After the darkness, the plants and mittened leaves were returned to light, and their progress was followed further. While the now un-mittened leaves continued to senesce, the fully-darkened plants remained green, and in fact ultimately senesced slower than plants that were kept in the light the whole time.
Darkening whole plants not didn’t induce senescence, it actually delayed it. Further experimentation from the scientists suggests that this is simply because the plant’s entire development was delayed in darkness, so when it emerged back to the light it was effectively younger than its light-grown plant pals. Kind of like a really low-tech version of deep sleep.

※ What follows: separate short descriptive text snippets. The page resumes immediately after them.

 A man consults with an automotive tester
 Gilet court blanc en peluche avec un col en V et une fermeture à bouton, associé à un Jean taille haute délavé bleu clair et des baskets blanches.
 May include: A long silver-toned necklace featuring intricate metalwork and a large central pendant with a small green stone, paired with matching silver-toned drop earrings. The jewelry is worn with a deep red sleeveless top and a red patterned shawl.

In another suspiciously-low-tech but actually-completely-cool step, the scientists conducted an additional experiment which involved their plants once again wearing mittens, but this time, mittens with a hole in them. After several days, the mittened leaves had once again turned yellow, except for the small part of the leaf directly under the hole. Thus, the experiment reveals that leaf senescence is highly specific, targetted not just to an individual mittened leaf, but to local sections (and possibly even individual cells) within that leaf!

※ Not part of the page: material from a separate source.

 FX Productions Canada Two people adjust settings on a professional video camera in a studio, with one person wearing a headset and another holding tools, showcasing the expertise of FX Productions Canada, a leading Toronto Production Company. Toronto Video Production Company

The response revealed by Weaver and Amasino’s work makes a lot of sense from the point of view of the plant itself. If a single leaf is persistently darkened – for example it lies in the shade of another tree- it makes more sense to recycle that leaf, so that the nutrients can be used for new growth. By contrast, if a whole plant is placed in the dark, the best thing to do is sit and wait, in the hope that good times will come once again. (We want to quickly note that there’s another response to darkness, which involves a whole lot of rapid elongations in order to ‘search for the sun’. But that’s a story for another time).
Overall, it’s not really surprising that plants know how to ‘pause and wait’. Although it varies from species to species and habitat to habitat, most plants go through times where at least one of the things they need to grow is limiting. For some, that might be light (hi there arctic plant species), for others, that’s water (looking at you, desert shrubs). Because they aren’t able to simply get up and go when times get rough, being patient is one of the defining characteristics of our plant friends.
References:
Weaver, L. & Amasino, Richard. (2001). Senescence Is Induced in Individually Darkened Arabidopsis Leaves, but Inhibited in Whole Darkened Plants. Plant physiology. 127. 876-86. 10.1104/pp.010312.
*Note that this references is now nearly 20 yeas old.